Y el festejo fue por partida doble, ya que más tarde convirtió el 3-1 con una vistosa pirueta. “Fue algo loco, porque el día anterior habíamos estado jugando un campeonato de fútbol-tenis y me había tirado como 15 chilenas, y todos se reían y me decían ‘tené cuidado’. Ya terminando, me tiro una y me esguinzo el codo, así que estaban medio enojados. Después que hice el gol y los fui a abrazar al banco, me dijeron ‘hacé todo lo que quieras, no pasa nada’, ja ja já”, revela, en la previa del crucial duelo del domingo ante el escolta de los hispanos, Colo Colo.

¿Cómo llegan?

Estuvimos toda la semana entrenando duro y con mucha ansiedad. Es una final, porque tenemos la posibilidad de pegar un golpe duro y sacar una ventaja grande.

¿Cuánto te ha ayudado Palermo como delantero?

Como delanteros, le sacamos el jugo preguntándole un montón de cosas. Cuando no podía convertir, me decía que estuviera tranquilo, que los goles ya iban a llegar, y que no dejara de hacer lo que estaba haciendo, porque servía para el equipo. Tratamos de aprovecharlo al máximo, para tratar de hacer algo como lo que hacía él. Estoy contento por tener un técnico así.

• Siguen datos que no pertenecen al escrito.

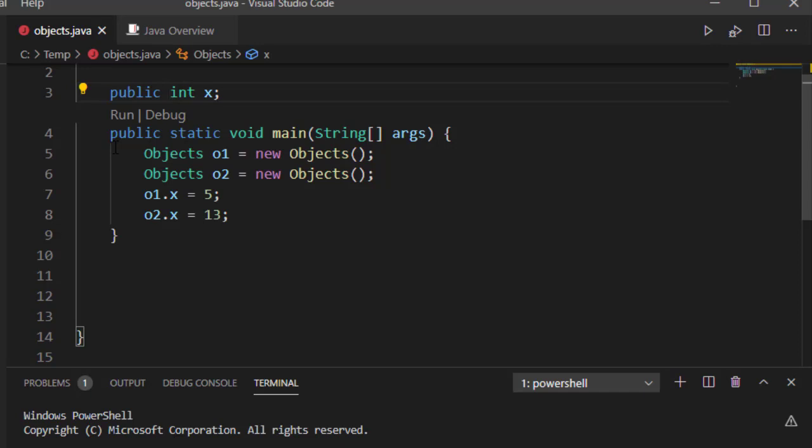Of course, public is something we've seen, mainly because of the public static void main function we've been using. And a public access modifier means that anyone, any class anywhere, can have direct access to this property if they know about it.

La dupla con Jaime-Canales viene encendida…

Con Gustavo nos conocemos desde hace años y nos entendemos muy bien. Me siento cómodo y esperemos que el domingo podamos volver a convertir los dos.

¿Unión es la casa de Sebastián Jaime?

Sí. Con el apoyo de la gente, uno se siente con mucha más confianza. La Unión me ha brindado muchas cosas acá en Chile, es mi casa.

¿En Católica nunca te sentiste así?

Es complicado, porque la gente lo tomaba como que yo venía de Unión y no era parte de la institución, pero yo llegaba a aportar lo mío y a tratar de hacer lo que hicimos, que fue lograr tres títulos en un año. Me fui contento, porque después de ese recibimiento medio duro, fueron tomándome cariño, ya que sabían que estaba dejando todo dentro de la cancha. Me fui bien, hice lo que más pude en un año muy consagratorio para Católica.

¿Quedaste con alguna espinita clavada?

El sentimiento ambiguo pasa por la continuidad que yo buscaba, porque me fui del fútbol chileno con un nombre y cuando volví me habían dicho que iba a jugar, pero me encontré con un equipo que ya estaba armado. Lo hablé con Mario Salas y él fue muy sincero conmigo, me dijo que me iba a tener como relevo. Yo sabía que tenía que empezar desde atrás y supe aguantar, aportar y ser profesional, no estar enojado, sino esperar la oportunidad. Después me llegó el llamado de Martín y yo necesitaba jugar, por eso quedó ese sabor amargo de no haber jugado tantos minutos en Católica.